Which is exactly what everyone else already said. :facepalm:

Also Hydrogen has a very low energy density in terms of volume. It's very hard to carry enough to power a car for long unless it's in liquid form, but that requires refrigeration etc. and is dangerous and impractical.

iirc Lithium Ion batteries actually have better energy density than hydrogen at this point, and the old hydrogen economy dream is basically dead.

We get fooled by cognitive tricks on this topic. Yes, hydrogen costs more energy to produce that it delivers. So does everything else.

[numbers are made up]
I require 120 l of 'hydrogen equivalents' to give you 100 liters hydrogen. 100 l of that is what you'll get. 20 l is the inefficiency of generating the power. Those 120 l of hydrogen equivalents can be from burning oil or methane or harnessing a renewable.

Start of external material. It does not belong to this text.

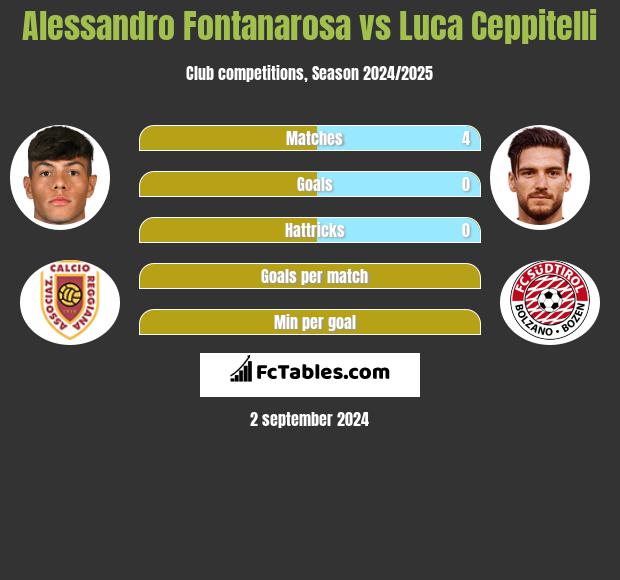 Alessandro Fontanarosa vs Luca Ceppitelli h2h player stats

It's the same with oil. I need 120 liters of oil in order to give you 100 liters. I use 20 liters to pull the 100 liters out of the ground. I had 120 (in total). Now you have 100.

I see what you're saying. That makes sense, thanks.

El_Machinae said:

We get fooled by cognitive tricks on this topic. Yes, hydrogen costs more energy to produce that it delivers. So does everything else.

[numbers are made up]
I require 120 l of 'hydrogen equivalents' to give you 100 liters hydrogen. 100 l of that is what you'll get. 20 l is the inefficiency of generating the power. Those 120 l of hydrogen equivalents can be from burning oil or methane or harnessing a renewable.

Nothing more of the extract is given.